Despite the claims to historical authenticity, doubt has been cast on the link between the alleged Jewish community in Kaifeng and international Jewry, both with respect to the religious practices of the alleged Kaifeng Jews, their religious texts, and the alleged synagogue in Kaifeng, of which only the representational sketchings by the above-mentioned French-Chinese priest serve as proof of what the alleged synagogue is supposed to have looked like.

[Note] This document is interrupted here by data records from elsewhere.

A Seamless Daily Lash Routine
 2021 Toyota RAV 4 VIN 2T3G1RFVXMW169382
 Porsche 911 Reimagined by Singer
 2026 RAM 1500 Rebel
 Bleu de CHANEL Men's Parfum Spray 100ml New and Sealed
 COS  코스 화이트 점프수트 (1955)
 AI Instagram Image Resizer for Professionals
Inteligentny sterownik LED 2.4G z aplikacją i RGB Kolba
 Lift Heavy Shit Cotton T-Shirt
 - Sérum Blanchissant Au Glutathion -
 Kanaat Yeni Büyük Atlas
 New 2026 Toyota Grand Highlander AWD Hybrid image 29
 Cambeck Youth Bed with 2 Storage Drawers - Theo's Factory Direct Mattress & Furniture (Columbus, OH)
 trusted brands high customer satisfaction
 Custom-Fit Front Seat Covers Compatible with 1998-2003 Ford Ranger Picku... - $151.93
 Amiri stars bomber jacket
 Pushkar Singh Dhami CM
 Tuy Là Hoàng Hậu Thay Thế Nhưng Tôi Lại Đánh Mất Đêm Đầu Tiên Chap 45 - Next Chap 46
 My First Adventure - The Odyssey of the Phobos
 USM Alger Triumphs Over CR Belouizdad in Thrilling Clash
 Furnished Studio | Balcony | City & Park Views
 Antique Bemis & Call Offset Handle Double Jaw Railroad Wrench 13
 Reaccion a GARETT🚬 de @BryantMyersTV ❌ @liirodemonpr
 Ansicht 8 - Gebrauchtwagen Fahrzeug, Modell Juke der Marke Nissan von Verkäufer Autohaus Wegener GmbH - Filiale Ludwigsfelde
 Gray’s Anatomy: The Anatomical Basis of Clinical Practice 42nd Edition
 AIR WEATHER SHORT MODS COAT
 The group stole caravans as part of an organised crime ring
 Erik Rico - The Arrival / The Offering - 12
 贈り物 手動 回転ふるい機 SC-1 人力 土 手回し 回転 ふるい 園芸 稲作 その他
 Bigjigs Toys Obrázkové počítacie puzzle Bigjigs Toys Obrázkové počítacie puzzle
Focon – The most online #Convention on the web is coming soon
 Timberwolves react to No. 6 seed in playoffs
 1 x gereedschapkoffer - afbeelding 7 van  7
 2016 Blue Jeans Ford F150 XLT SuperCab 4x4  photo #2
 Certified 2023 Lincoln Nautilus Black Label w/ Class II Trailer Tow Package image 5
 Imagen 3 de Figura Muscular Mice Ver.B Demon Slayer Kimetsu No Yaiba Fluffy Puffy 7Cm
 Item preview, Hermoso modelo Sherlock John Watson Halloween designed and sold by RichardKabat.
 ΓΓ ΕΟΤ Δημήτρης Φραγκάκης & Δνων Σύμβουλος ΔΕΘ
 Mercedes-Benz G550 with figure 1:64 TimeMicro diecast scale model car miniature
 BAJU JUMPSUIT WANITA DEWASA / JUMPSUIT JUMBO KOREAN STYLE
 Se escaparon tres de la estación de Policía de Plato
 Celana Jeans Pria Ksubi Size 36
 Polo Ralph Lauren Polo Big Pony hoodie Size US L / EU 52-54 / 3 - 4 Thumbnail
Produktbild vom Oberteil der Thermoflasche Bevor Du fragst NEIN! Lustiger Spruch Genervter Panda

According to Dr. Zhou Xun, a research fellow at the School of Oriental and African Studies (SOAS) in London and author of the book Chinese Perceptions of the Jews and Judaism: A History of the Youtai, the notion of the link between what is believed to have been a Jewish community in Kaifeng and "Jewishness" is largely a Western cultural construct. For example, Dr. Xun has pointed out that the alleged Jewish community in Kaifeng possessed no Torah scrolls until 1851, when they suddenly appeared and were snapped up by eager collectors. (NB: The creation of fake documents – especially fake religious documents which appear to be authentic in every respect, and for which collectors are willing to pay astronomical sums – though not exactly a cottage industry, is nevertheless a made-to-order industry often created by the excessive demand for the "product".)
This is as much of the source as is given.